TEENSUnstructured Play and Individual Sports the Stop-Gap for Organized Sport?BY SHANA JONES
In every part of the world, the pandemic has forced us to restructure, rethink, and reinvent how we do life. When we think about a child’s experience, we know it doesn’t stop at missed birthday parties or adapting to virtual school. Organized youth sports have also taken a hit, raising the question of what kids have been doing while some sports programs remain cancelled and others have restarted on a limited basis. Have they returned to unstructured play or picked up some other physical activity? Answers may differ across societies or class lines, but the constant must be an opportunity for the enjoyment, physical stimulation, and emotional development they would have experienced through organized sport.

In the United States, kids have been opting for individual sports in large numbers, according to the Aspen Institute, an organization that tracks and analyzes sports engagement trends of children nationwide across all demographics. Aspen Institute surveys conducted during the first wave of the pandemic show that kids favoured activities that could be done solo or with others at a safe distance, particularly bike riding (individually or as part of a group). Other activities that also grew in popularity included jumping rope, hiking, skateboarding, swimming, golf, and tennis. Jon Solomon, editorial director of the Aspen Institute’s Sports and Society Program, points out that unstructured play, on the other hand, has become less and less of an option due to certain pre-Covid societal factors such as crime and traffic; the general “addiction” to electronic devices could easily top this list.

It’s also worth considering the situation of those caught in the economic divide highlighted by Covid: somewhat “distracted” away from unstructured play, these kids are generally unable to access opportunities for individual sports or other alternatives. What happens to them post-Covid when the youth sports landscape will have undoubtedly changed? Such situations clearly illustrate the importance of accessible, affordable, high-quality community-based programs such as America Scores. Even during the pandemic, America Scores continues to offer at-risk youth opportunities for personal development through weekly programs featuring soccer practice, poetry writing, and community service.

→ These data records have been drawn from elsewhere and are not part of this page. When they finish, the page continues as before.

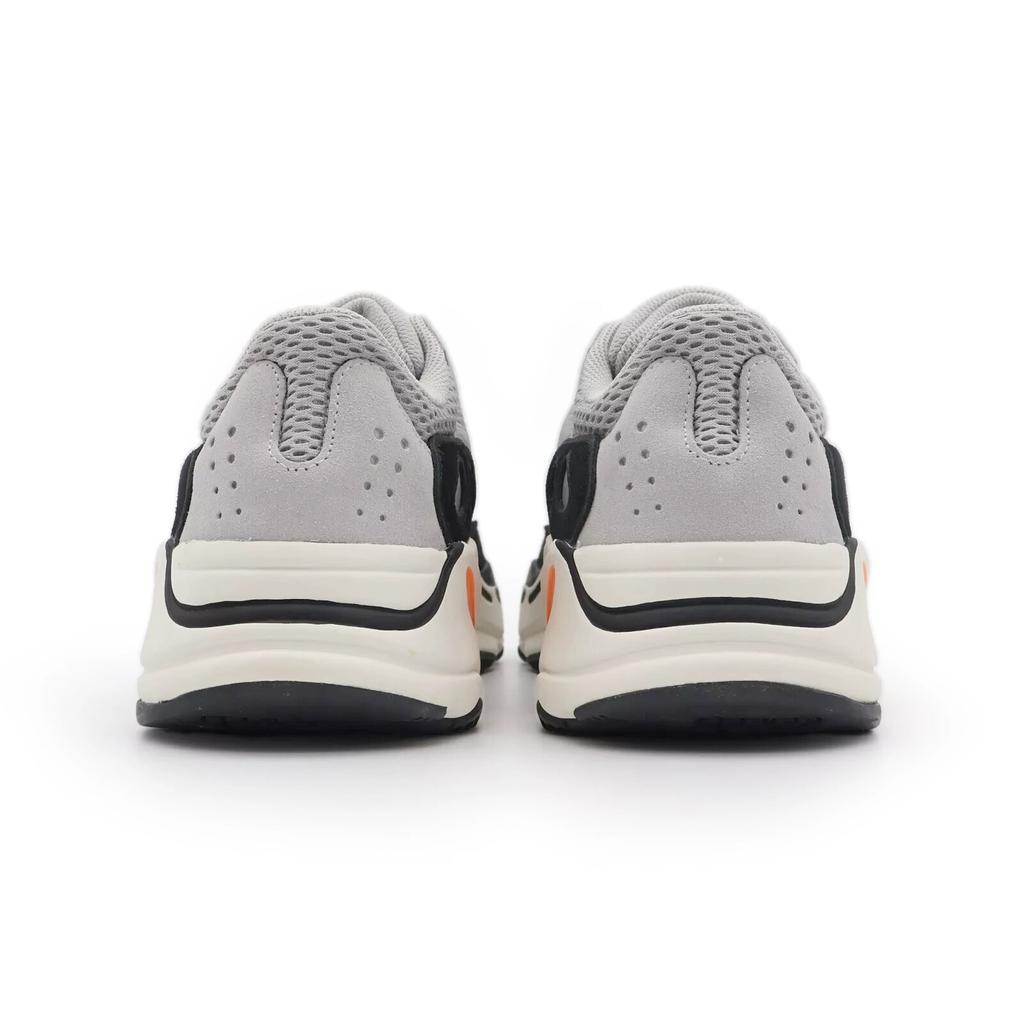 B75571 adidas Yeezy Boost 700 Wave Runner Gris Sólido Blanco Tiza Negro (de los hombres)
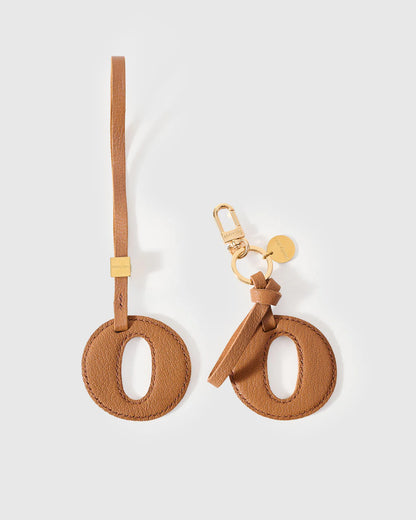 O — LETTER CHARM | INITIAL
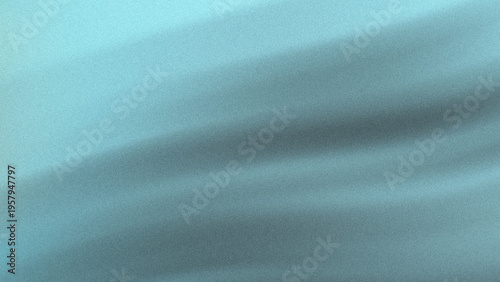 Soft light blue abstract background with flowing waves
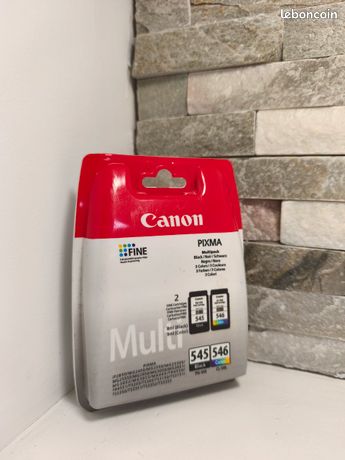 Canon PG-545 / CL-546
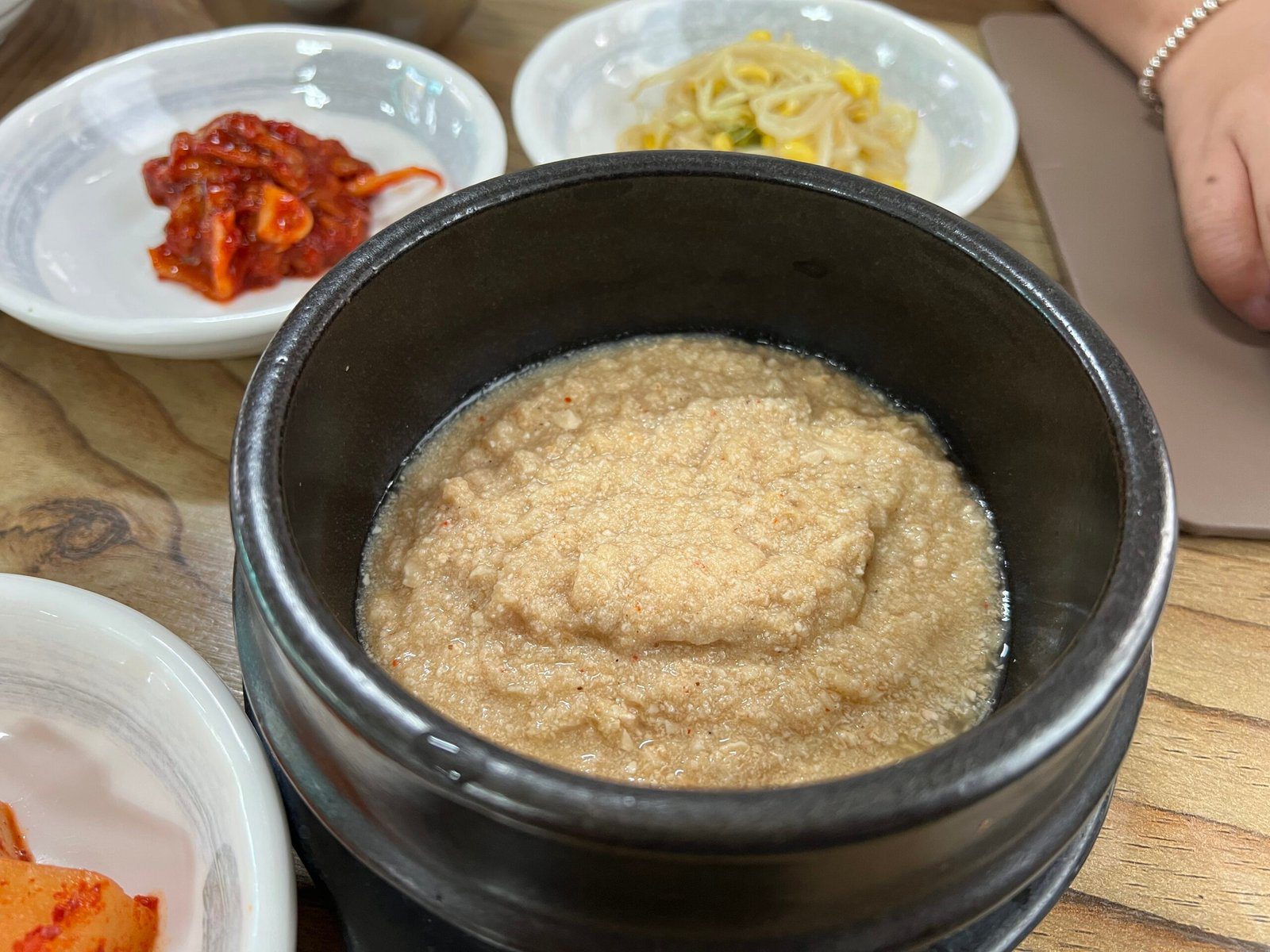 초당순두부 강원도 고성 소노펠리체 근처 순두부 맛집 - 9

Here in Bermuda, the scene has been a little different. Jekon Edness, senior sports development officer in the Department of Youth, Sport & Recreation, observed that unstructured play quickly emerged as a stop-gap for local children when the pandemic forced the cancellation of organized sport activities. Children filled their time playing in the yard, in the neighbourhood, and at local playgrounds or engaged in spontaneous “pick-up” games of cricket, basketball, and football. To a lesser extent than with American children, bike riding and running have also become options as these children eagerly anticipate the return to “normalcy”. Belinda Henderson, a senior clinical psychology assistant at Solstice (a local holistic wellness centre), stresses that especially in the interim, there must be constant and open child-parent-professional dialogue in order to maintain environments that build motivation, resilience, self-esteem and self-concept.

We can contrast the different pandemic experiences in various countries, but one constant for youth sport remains: suitable alternatives must be made available while we wait to step into the “new normal”. The physical activity and social and emotional skill building in team sports are simply too important to the well-being of children to be put on the shelf until the masses are vaccinated. Coaches and parents can encourage unstructured play and individual sports (among other activities) to keep youth engaged, especially in cases where they don’t want to return to pre-Covid sports. Regardless of the measures taken, however, activities must provide safe environments in which children are free to explore themselves, connect with others and be fully engaged without undue pressure to perform. Such activities bridge the gap to the restart of team sports or introduce new ways for children to enjoy themselves.